Opinion – Pride 2021

‘The role of LGBTQ venues within the community is more important than ever’

By Scott Frankham, head of media at Greene King

- Last updated on GMT

Community hubs: ‘After 18 months of isolation, or worse trapped in a place where you can’t be your true self, the LGBTQ pubs, bars and clubs in towns and cities across the country offer a sanctuary for many of us’
Community hubs: ‘After 18 months of isolation, or worse trapped in a place where you can’t be your true self, the LGBTQ pubs, bars and clubs in towns and cities across the country offer a sanctuary for many of us’

Related tags: Greene king, LGBTQ+, London, Birmingham, Coronavirus

I first paid a visit to an LGBTQ pub when I was 18 – I’d just moved to Birmingham to start university and I was introduced to the Village Inn, a central hub of Birmingham’s gay quarter.

Walking through the doors for the first time was an incredible experience. It was the most eclectic group of people I had ever witnessed in one room and it was fabulous. It was a place of eccentricity, excitement and energy, somewhere I could feel comfortable to be me. 

I spent a lot of time in that pub over the next five years and I made friends for life, many of which I call my chosen family. 

Scott Frankham

Now whenever I go back, I feel as though I’m coming home. That’s what makes LGBTQ spaces so special, they create a community of likeminded people who genuinely support each other. 

'Sanctuary' after 18 months isolated

Fifteen years later and the role of LGBTQ venues within the community is more important than ever.  

After 18 months of isolation, or worse trapped in a place where you can’t be your true self, the LGBTQ pubs, bars and clubs in towns and cities across the country offer a sanctuary for many of us.  

But they are at risk.

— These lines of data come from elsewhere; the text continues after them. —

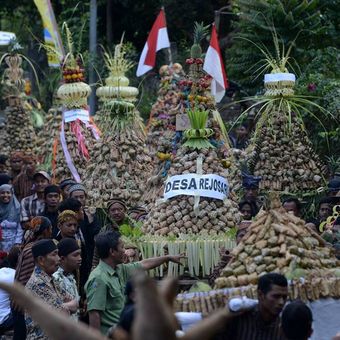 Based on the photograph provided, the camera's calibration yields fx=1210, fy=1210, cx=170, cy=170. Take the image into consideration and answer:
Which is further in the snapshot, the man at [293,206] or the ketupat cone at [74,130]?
the ketupat cone at [74,130]

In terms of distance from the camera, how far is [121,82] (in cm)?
1806

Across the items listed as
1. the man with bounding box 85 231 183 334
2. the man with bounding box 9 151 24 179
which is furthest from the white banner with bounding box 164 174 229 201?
the man with bounding box 9 151 24 179

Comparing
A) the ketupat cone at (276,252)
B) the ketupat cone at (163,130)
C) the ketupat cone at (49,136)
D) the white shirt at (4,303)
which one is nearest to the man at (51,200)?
the ketupat cone at (163,130)

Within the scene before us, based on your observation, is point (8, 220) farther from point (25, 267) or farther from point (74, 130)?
point (25, 267)

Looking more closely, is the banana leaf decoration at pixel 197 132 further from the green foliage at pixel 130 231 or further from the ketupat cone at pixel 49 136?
the ketupat cone at pixel 49 136

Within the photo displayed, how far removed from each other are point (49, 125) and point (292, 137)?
5461 mm

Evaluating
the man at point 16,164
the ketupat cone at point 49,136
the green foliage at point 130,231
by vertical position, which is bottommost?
the green foliage at point 130,231

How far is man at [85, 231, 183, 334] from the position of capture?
8305 mm

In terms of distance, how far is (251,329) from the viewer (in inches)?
263

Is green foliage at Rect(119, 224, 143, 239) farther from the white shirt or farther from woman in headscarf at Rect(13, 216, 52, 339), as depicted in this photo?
the white shirt

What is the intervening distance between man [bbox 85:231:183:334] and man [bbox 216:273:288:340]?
1702mm

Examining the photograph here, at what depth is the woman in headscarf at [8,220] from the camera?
44.7ft

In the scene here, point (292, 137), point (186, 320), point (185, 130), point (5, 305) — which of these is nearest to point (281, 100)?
point (292, 137)

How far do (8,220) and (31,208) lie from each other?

Even before the pandemic LGBTQ venues were on the decline, with a 58% drop in London LGBTQ venues​ between 2006 and 2017. 

Switchboard LGBT+ recently reported a 20% increase in calls during the pandemic, an indicator of the challenges the community is facing being locked away, and with the number of safe places for the community to escape to shrinking it could be devastating to the LGBTQ community. 

Need for safe spaces

At Greene King I am part of the LGBTQ network, The Village Greene, and while we do have some dedicated LGBTQ venues, including the fantastic City of Quebec in Marylebone, London, we have recently launched support packages to help any and all of our 1,600 pubs host their own LGBTQ events.  

We have launched our support to coincide with Pride month, however our support goes beyond June and our pubs are encouraged to book their events throughout the year.  

We’ve got pubs up and down the country in the big cities through to small towns and neighbourhoods, so by encouraging our pubs to run LGBTQ events we’re playing a role in providing safe spaces in more areas for the community to come together. 

This is another step we are taking as part of our overall Inclusion and Diversity journey and agenda.  

We might not be able to single-handedly stem the decline of LGBTQ venues, but we can help our pubs create friendly spaces for all diverse groups through tailored events across the country.